🔓 Patrimônio cultural em tempos pós-coloniais (3)

O reposicionamento dos estudos culturais em países de língua portuguesa no âmbito dos debates pós-culturalistas e decoloniais
Ilustração: Miguel Rodrigues
01/03/2023

Prossigo com a apresentação de Patrimónios de influência portuguesa (Imprensa da Universidade de Coimbra, 2015), livro que serve de baliza histórica para o reposicionamento dos estudos culturais em países de língua portuguesa no âmbito dos debates pós-culturalistas e decoloniais.

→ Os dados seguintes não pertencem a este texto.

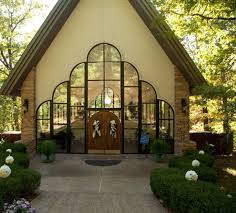 Stonegate Glass Chapel In Branson Missouri Brides Room Glass Chapel Chapel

O segundo autor brasileiro a participar do livro é a historiadora Maria Fernanda Bicalho, da UFF, que trata dos novos recortes da área originados dos estudos anglo-americanos a partir das décadas de 1980-90, cuja base historiográfica já não é a do “Estado-nação”. Ganham então relevo a história atlântica e a história global, com estudos de processos que transcendem regiões, Estados e nações. Para Bicalho, uma das consequências desse novo olhar foi a percepção de que as rotas imperiais eram, muitas vezes, controladas a partir de áreas periféricas, o que afetava a noção de “Império” pelo seu vínculo com famílias empresariais locais. Rompia-se, assim, o modelo de descrição historiográfica colonial baseado apenas na transferência da experiência europeia.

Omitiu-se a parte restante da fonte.